This essay was written by a friend of mine, Richard Pithouse, in response to the xenophobic violence in South Africa. The essay is particularly interesting as Richard identifies links between the role of the state in the violence, post apartheid oppression, land rights and the state’s disdain and attacks on the poor people of South Africa.

The industrial and mining towns on the Eastern outskirts of Johannesburg are unlovely places. They’re set on flat windswept plains amidst the dumps of sterile sand left over from old mines. In winter the wind bites, the sky is a very pale blue and it seems to be all coal braziers, starved dogs, faded strip malls, gun shops and rusting factories and mine headgear. All that seems new are the police cars and, round the corner from the Harry Gwala shack settlement, a double story facebrick strip club.

But even here the battle for land continues. The poor are loosing their grip on the scattered bits of land which they took in defiance of apartheid more than twenty years ago. The state is, again, sending in bulldozers and men with guns to move the poor from central shack settlements to peripheral townships. In every relocation many are simply left homeless. It is very difficult to resist the armed force of the state but people do what they can. Officials are often stoned. In principle the courts should provide relief from evictions that are not just illegal but are in fact criminal acts under South African law. There have been notable successes but it is often difficult to get pro bono legal support, legal processes are slow and the evictions continue.

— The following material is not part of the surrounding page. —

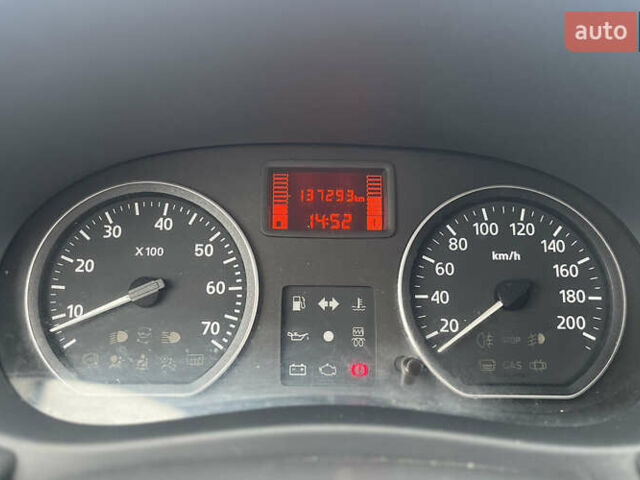 Чорний Рено Сандеро, об'ємом двигуна 1.6 л та пробігом 137 тис. км за 7200 $, фото 10 на Automoto.ua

In the Harry Gwala settlement the poorest women are on their hands and knees searching for bits of coal to bake into lumps of clay to keep the braziers burning. S’bu Zikode from Abahlali baseMjondolo in Durban and Ashraf Cassiem from the Anti-Eviction Campaign in Cape Town are here to meet with the Harry Gwala branch of the Landless People’s Movement. These are all poor people’s movements that have been criminalised and violently attacked by the state. The meeting is to discuss strategies for holding onto the urban land that keeps people close to work, schools, libraries and all the other benefits of city life. This is what it has come down to. Militancy is about holding onto what was taken from apartheid.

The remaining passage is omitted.